It is not every day that a brand gets tested such. It’s an uncanny coincidence that a brand which bears the name Amazon, a name depicting the legendary female warrior race, believed by ancient Greeks to exist on the edge of the known world, comes face-to-face with a modern day social warrior living on the edge of her beliefs. Like every human or brand battle, this one too is about courage, convictions and beliefs.
It is important to bring the episode to fore, lest the discussion become an anesthetized one about a brand and its ambassador. The incident which Swara Bhasker tweeted about is a blood curdling gang-rape of an eight year old, by a man, his son, his nephew, and his friend, repeatedly over four days. The girl was kept alive with this single gruesome purpose and finally strangulated, and her head stone-bashed to doubly ensure her end. Swara tweeted “I am Hindustan. I am Ashamed. #JusticeForOurChild #JusticeForAasifa. 8 years old. Gangraped. Murdered. In ‘Devi’-sthaan temple. #Kathua and lest we forget #unnao Shame on us! #BreakTheSilence #EndTheComplicity #ActNow”
I too should have tweeted, written and shouted against such a barbaric act. I didn’t. Many more should have. They didn’t. But Swara did. She showed courage in her convictions. However, there were the many others who felt that her tweet was unpatriotic, and some reflected that it was against their religious sentiments. Try as I did, I could not read any such meanings in Swara’s tweet.
A brand and human are similar in many ways. To have a strong identity, both need to have fortitude and grit to stand by their convictions, values and beliefs. A brand and a person reveal their character by the stand they take, and it gets even more exposed when the stand taken is in the face of extreme adversity.
We already know Swara’s stance. Amazon’s reaction, when it faced the brunt of ‘uninstall’ threats by belligerent sections of the audience who bandied her association with the brand was to, swiftly but discreetly, disassociate with Swara by deleting the promoted tweet she had been signed up for. With this one muted delete click, Amazon ended up displaying a character of their brand, which many will paint as insensitive. Some even went to the extent of calling the brand spineless. The threat to ‘uninstall’ came again - this time from a more deeply hurt customer base of Amazon who were aligned with Swara’s tweet and thought.

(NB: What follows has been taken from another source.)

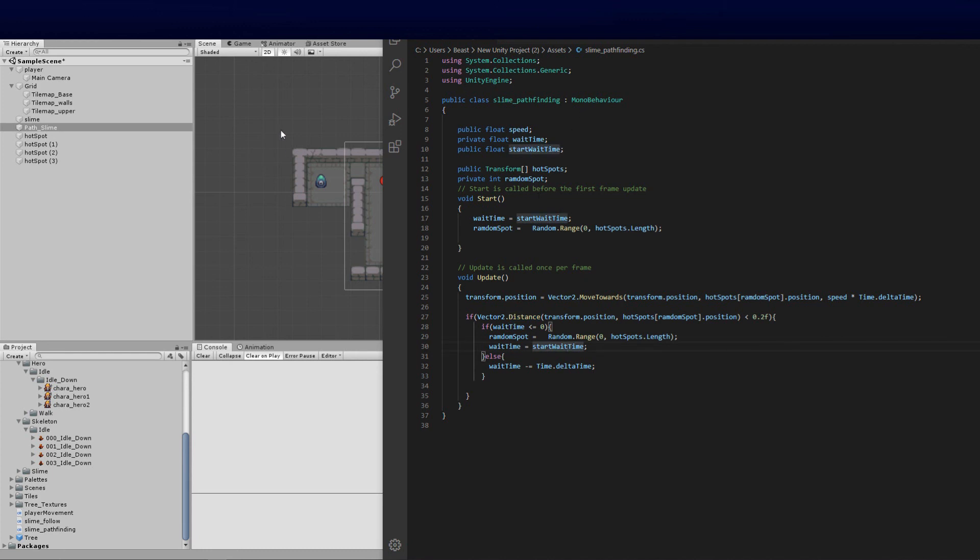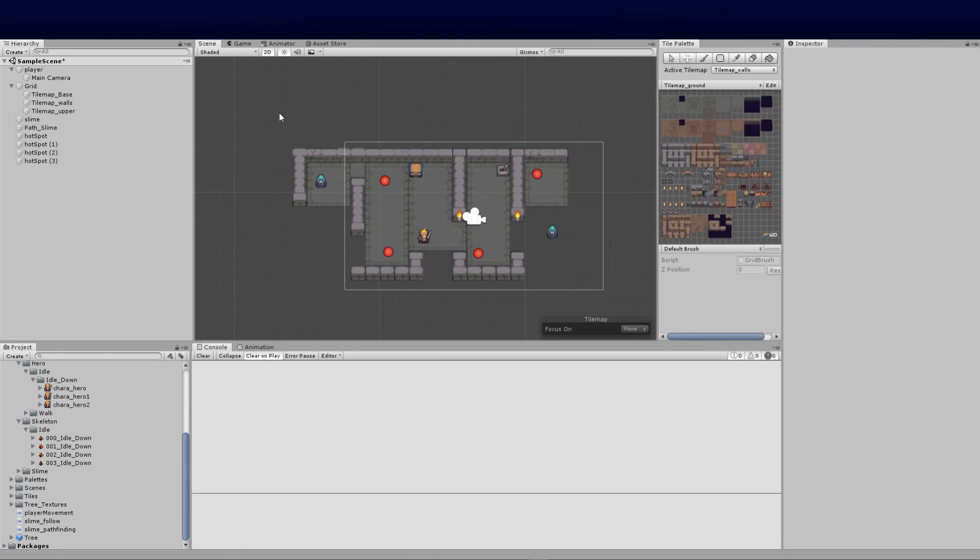To recap: we set five variables — speed, private waitTime, startWaitTime, the hotSpots transform array, and randomSpot. On Start we initialize waitTime and pick a random hotspot. In Update we move with Vector2.MoveTowards, check distance with 0.2f threshold, and handle the wait timer. Next tutorial we'll work on collisions and different enemy movements. Hope you enjoyed it — subscribe if you're new, and catch you in the next one!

Customers buy brands (and from brands, in this case) they perceive to reflect their own personalities. And when a brand personality dissonance is encountered, the pain felt can be real and deep, often leaving lasting trust wounds. The immediate solution for Amazon in such a complex damned-if-I-do-damned-if-I-
don’t situation is not easy. The only way to handle it, in such a case, is by clearly acknowledging the brand character Amazon wants to project of itself, and then to take a strong, convinced stance on it. No matter which stance Amazon takes, it has led itself into having a sharply divided audience. That cannot be undone. Now it is just a matter of knowing and understanding which side it wants to be seen with.
The need to protect the brand’s customer trust at any cost is perhaps best understood only by those who have lost it. Regaining trust for brands after losing it can be extremely tough and tedious, apart from it being costly, causing direct and real market erosion. Amazon or any other brand for that matter, if they want to avoid such ignominy in the long term, must strongly consider giving a brand trust expert a seat on the high table along with their other top management. The real need is of such a voice for the brand in its own internal debates, one which can give a sane but strong opinion in all matters which impact the customer trust quotient.